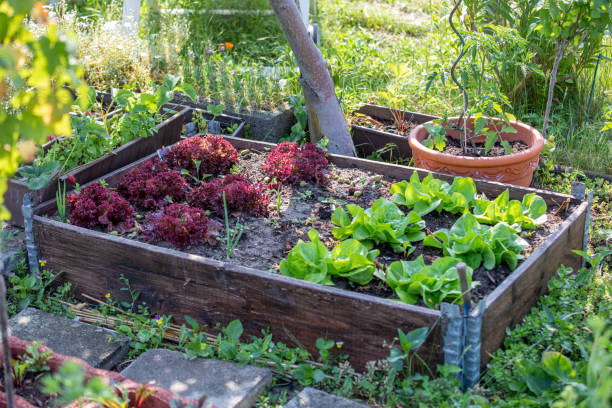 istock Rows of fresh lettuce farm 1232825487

* * *

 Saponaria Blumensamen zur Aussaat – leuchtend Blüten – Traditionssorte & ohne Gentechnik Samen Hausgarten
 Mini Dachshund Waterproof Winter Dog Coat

--- WHAT YOU ARE ASKED TO DO ---
Restate word for word only the lines above from the line containing "Saponaria Blumensamen zur" to the line containing "Mini Dachshund Waterproof Winter Dog Coat", both of them included.

--- RESULT ---
 Saponaria Blumensamen zur Aussaat – leuchtend Blüten – Traditionssorte & ohne Gentechnik Samen Hausgarten
 Mini Dachshund Waterproof Winter Dog Coat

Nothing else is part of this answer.